Both Bullseye and Uroboros have indicated to us that they plan to be fully compliant with the EPA’s requirements by the end of the summer. Uroboros has also informed its retailers and distributors that they plan to continue making their System 96 glass and will be taking on the production of many of Spectrum’s System 96 glass colors although the glass is going to look a little different in terms of texture. Because Spectrum did not inform the distributors or Uroboros of their decision prior to making it public knowledge, they were all caught with normal production and supply levels. Because people panicked in light of the announcement, there was a run on the glass by people buying as much as they could, so our wholesaler is currently out of stock on most System 96 glass. In addition, because the Governor of Oregon has issued the cease and desist letter to Bullseye, we will be in short supply of their glass through the end of the summer as well.
FOR OUR FUSING CUSTOMERS AND STUDENTS, THERE IS LIGHT AT THE END OF THE TUNNEL!!
When Spectrum made their announcement they also said they would be producing glass for the next 60 days and any glass we are able to get we will try to get for customers, however we will not be bulk buying this glass. If you need something, call or stop by and we will see
if its in stock or if we can get some. Wissmach and Uroboros are two companies that produce a 96 COE glass as well as regular stained glass. We have already added both to our stock and we are confident of their ability to carry us through the summer until Uroboros can get the Spectrum glass up and running. You can help us by pre-ordering anything you think you are going to need over the summer.
Wissmach and Uroboros also make 90 COE glass so we will continue carrying them as well. Again, pre-orders are helpful.
WHAT DOES THIS MEAN FOR OUR STAINED GLASS STUDENTS AND CUSTOMERS?
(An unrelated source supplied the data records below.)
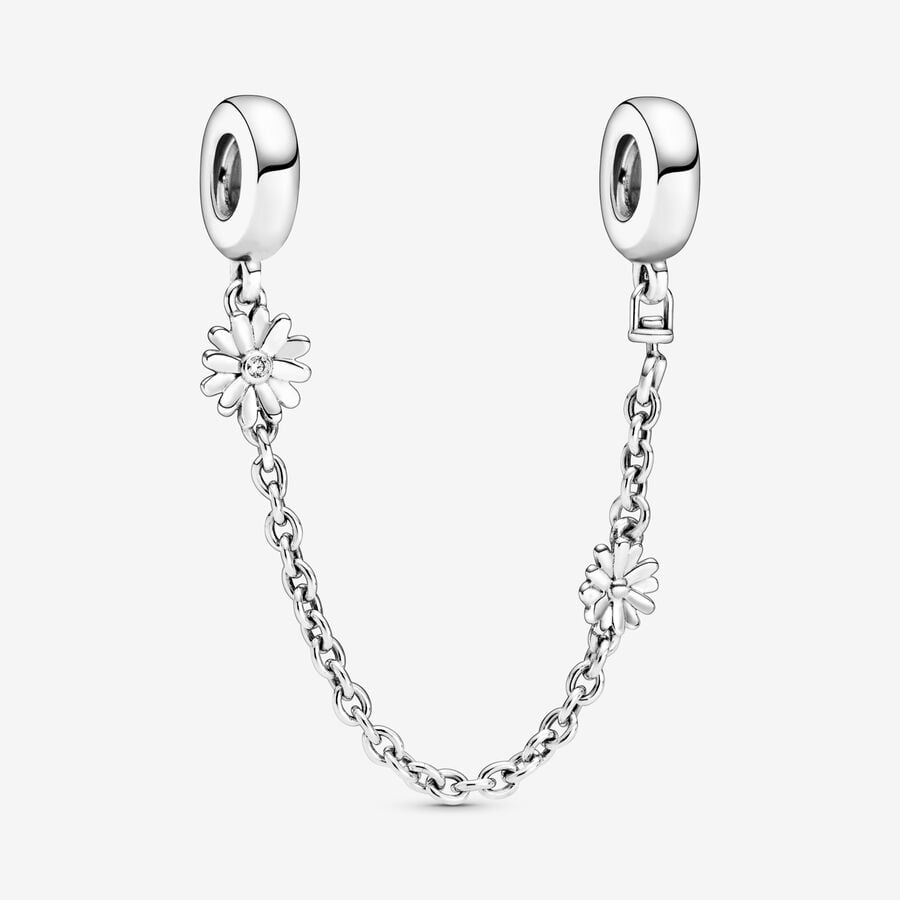 Safety Chains Pandora Daisy Flower Strieborne | SK209FEOM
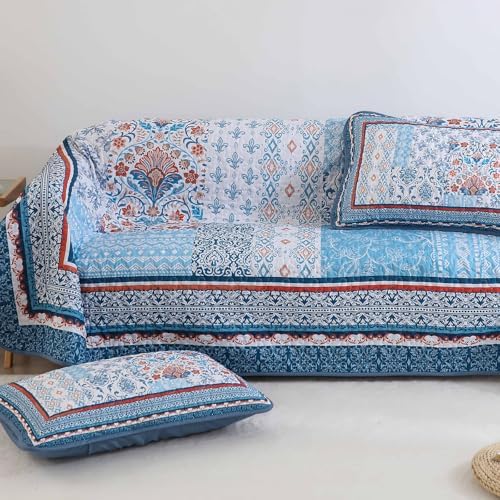 Wongs Bedding Blue Quilt Set Queen Size Bohemian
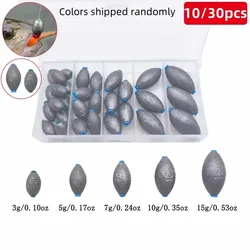 Set of 30/10 egg sinkers with storage box, oval lead sinkers, suitable for salt water fresh water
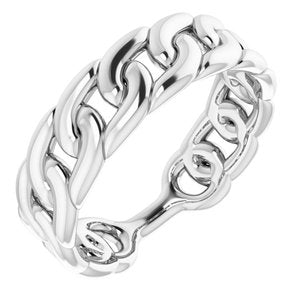 Sterling Silver Stackable Chain Link Ring - BN & CO JEWELRY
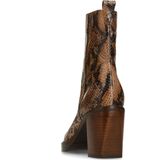 Manfield - Enkellaarsjes - Taupe - Leren Snakeprint - Met Hak - 8 cm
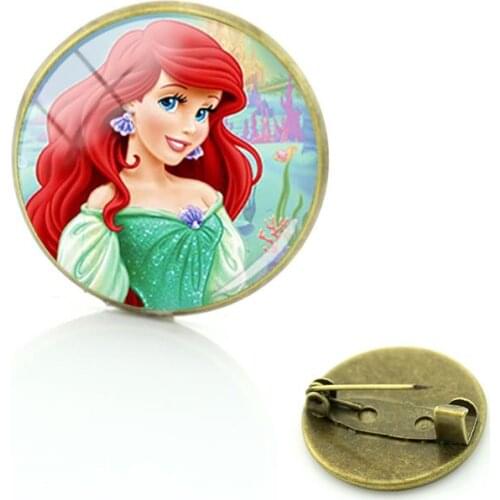 Disney Little Mermaid Princess Ariel Brooch Deep Forest Adventures Shape Pattern Cabochon Glass Pin Brooch Friend Brooch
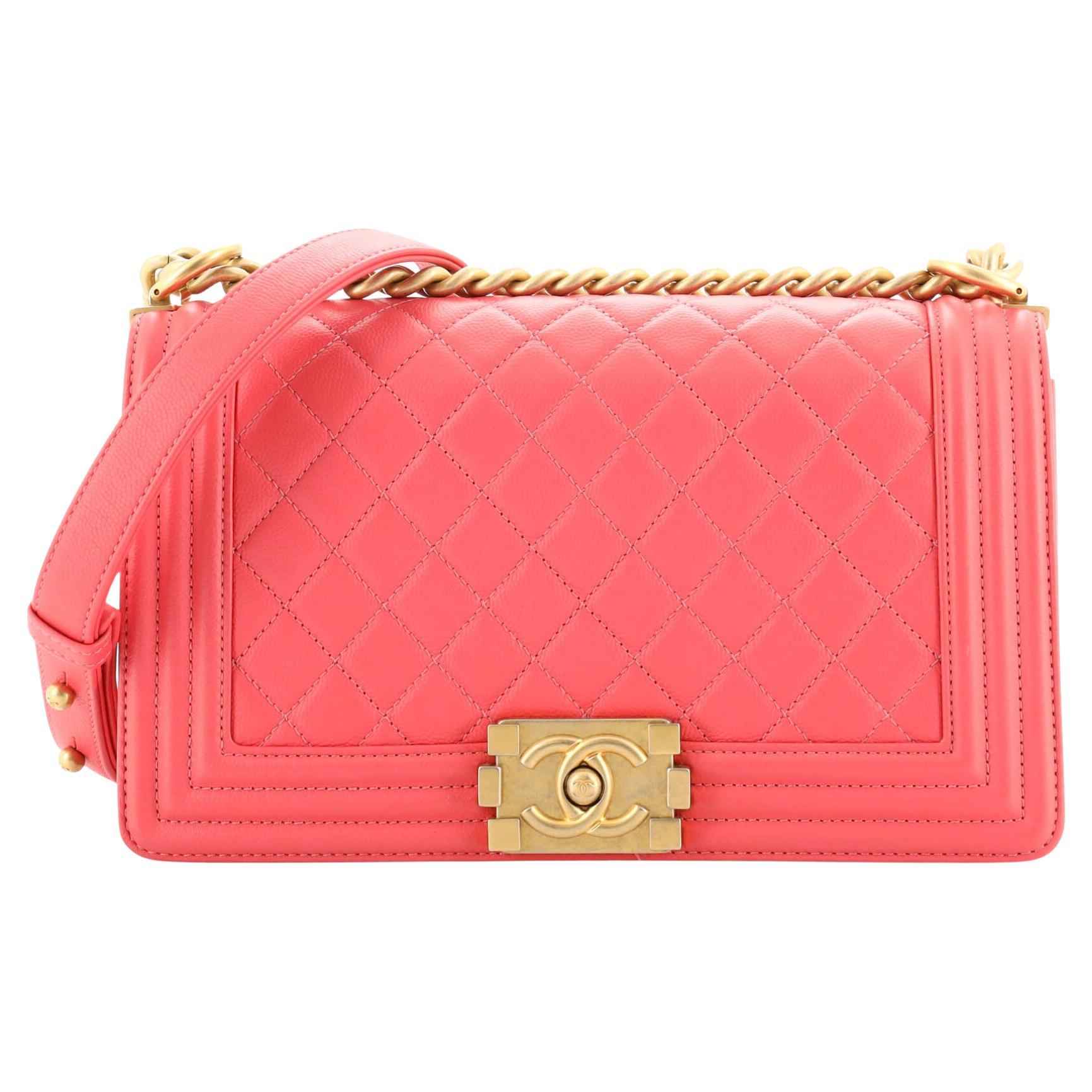 Chanel Boy Flap Bag Quilted Caviar Old Medium For Sale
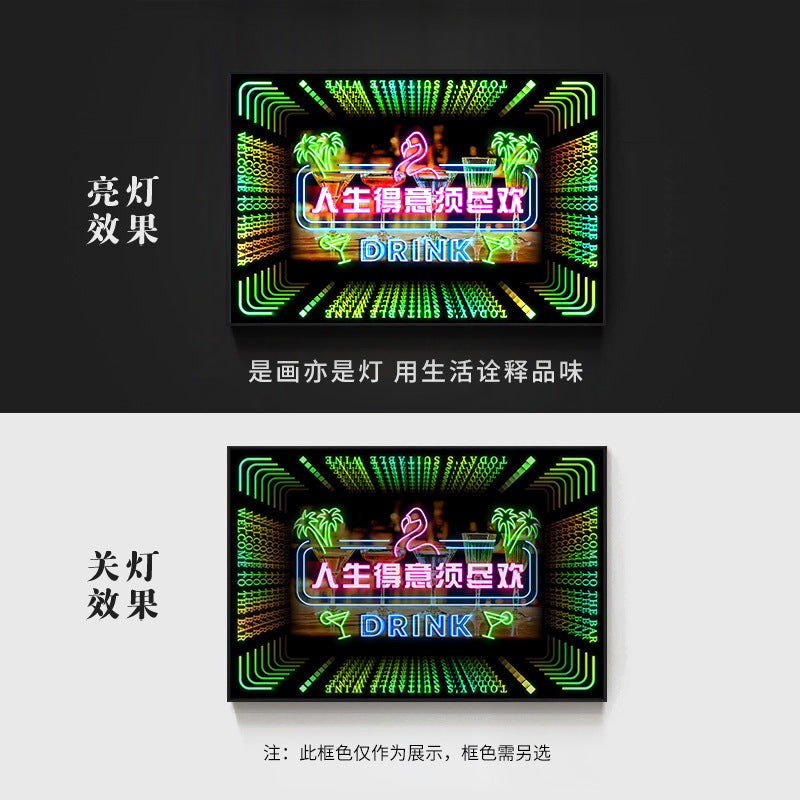 Bar wall decoration painting clear led neon lights luminous characters hanging paintings BBQ shop KTV box pub with lights painting
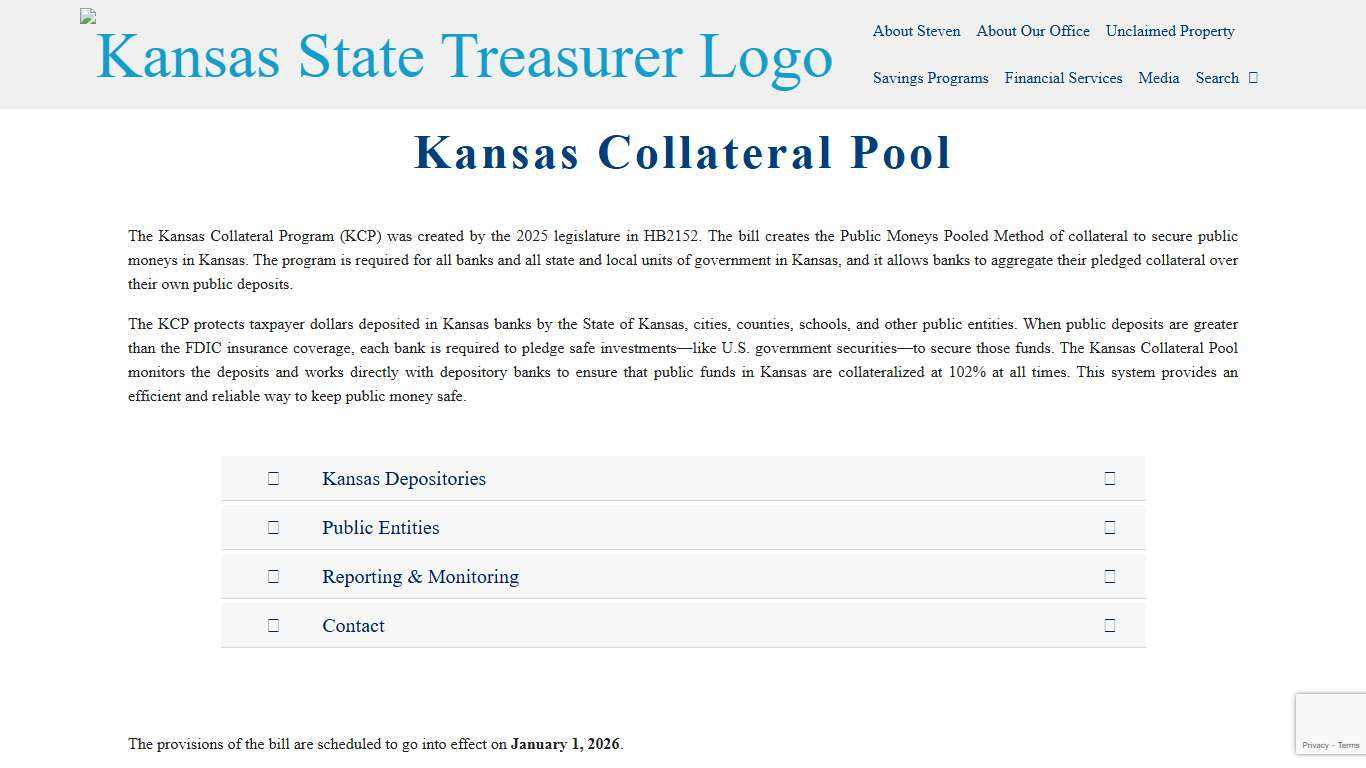 Kansas State Treasurer: Kansas Centralized Collateral Pool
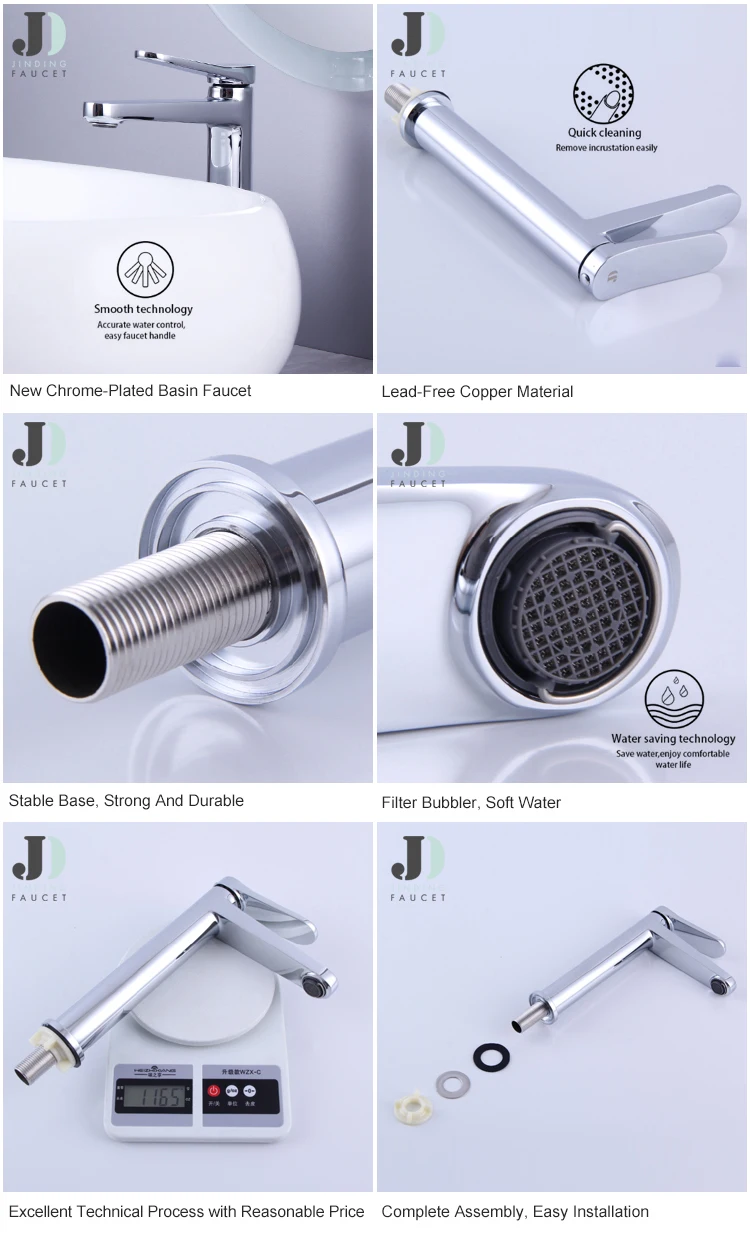 Grifo monomando cromado para lavabo alto de baño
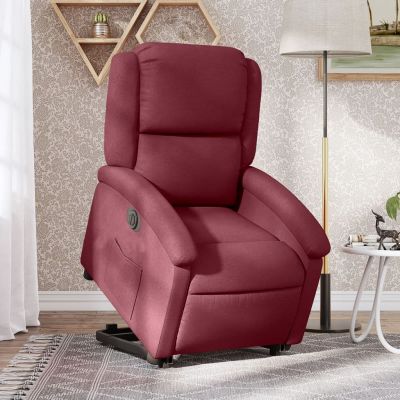 Gossi fotoliu electric rabatabil cu ridicare, rosu vin, textil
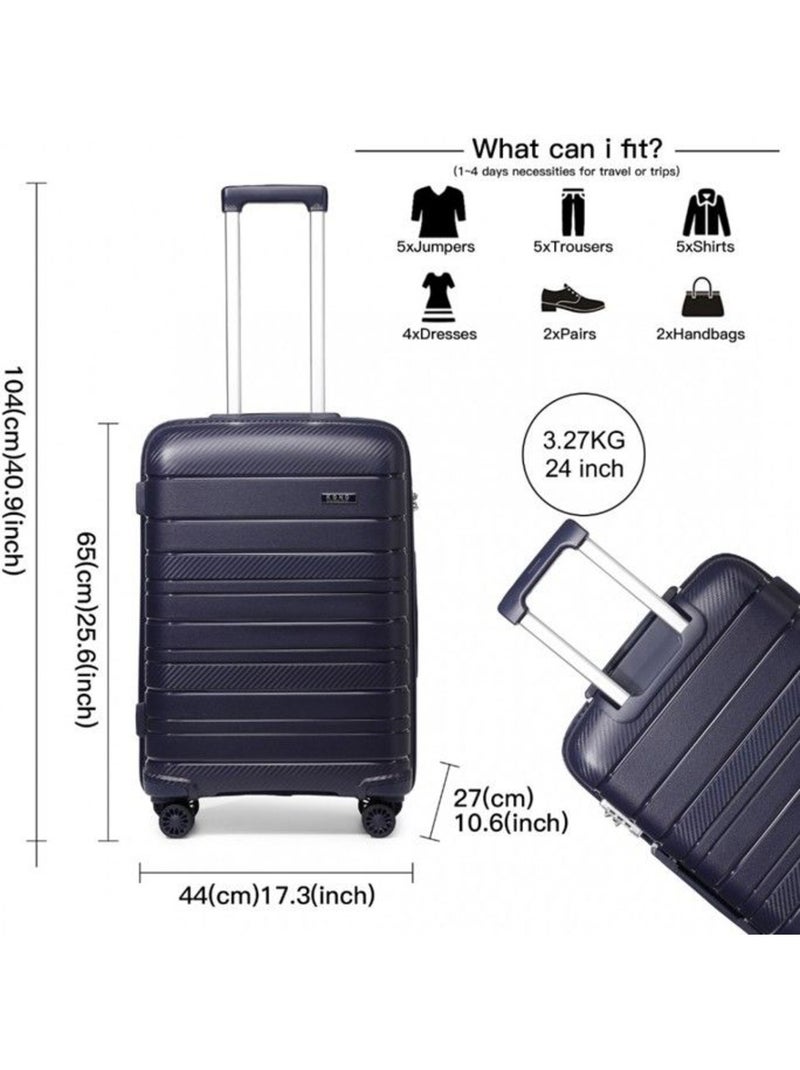Valise cabine - 65x44x27 cm abs 4 roulettes serrure tsa - kono Bleu - Kiabi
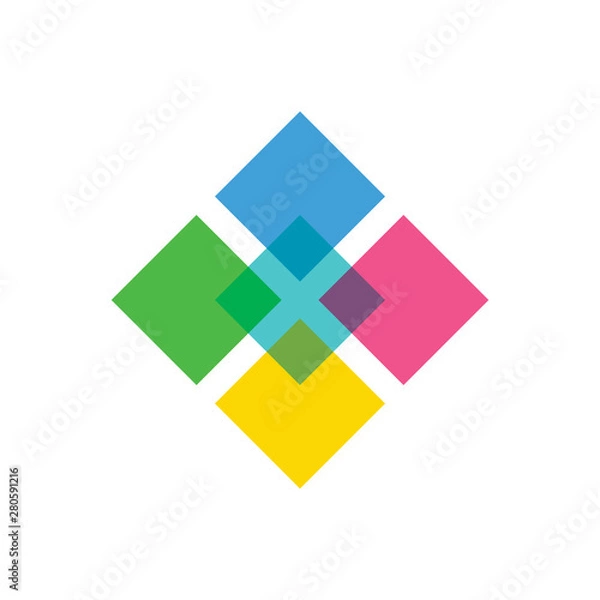 Obraz Abstract square overlaping logo template vector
It means you will need to consider using some of the the other beautiful stained glass manufactured by other companies. We carry glass from Kokomo Opalescent Glass Co., Wissmach Glass Co., Armstrong Glass, Uroboros, Bullseye, Youghigeny, Pilkington, Oceana, Fremont, St. Just, Chroma, VanGogh, Duncan, and St. Gobain. While it is a loss to our industry to have Spectrum close its doors, they are relative new comers to the stained glass industry and there are many other companies to choose from to allow you to make beautiful windows, doors, transoms, boxes, and lamps.
WHAT ELSE CAN YOU DO?
We think it is important to let our political representatives know that Glass Art is an important medium in the art world, and as such should be regulated in such a way as to allow those who do the art to have access to the glass and other things needed to make their art, and at the same time to be good neighbors and protect the environment as much as possible without destroying the industry. There are ways to do this, but as with all things, it costs money. At Suevel Studios, we will be letting our representatives know that we agree with the efforts to keep the industry clean, but we feel they also need to avoid putting undue burdens on small batch, family owned companies, and instead give them a reasonable amount of time to apply the necessary changes, just as has been done in the past for multi-billion dollar corporations. If you feel so inclined, adding your voice to the message can only help!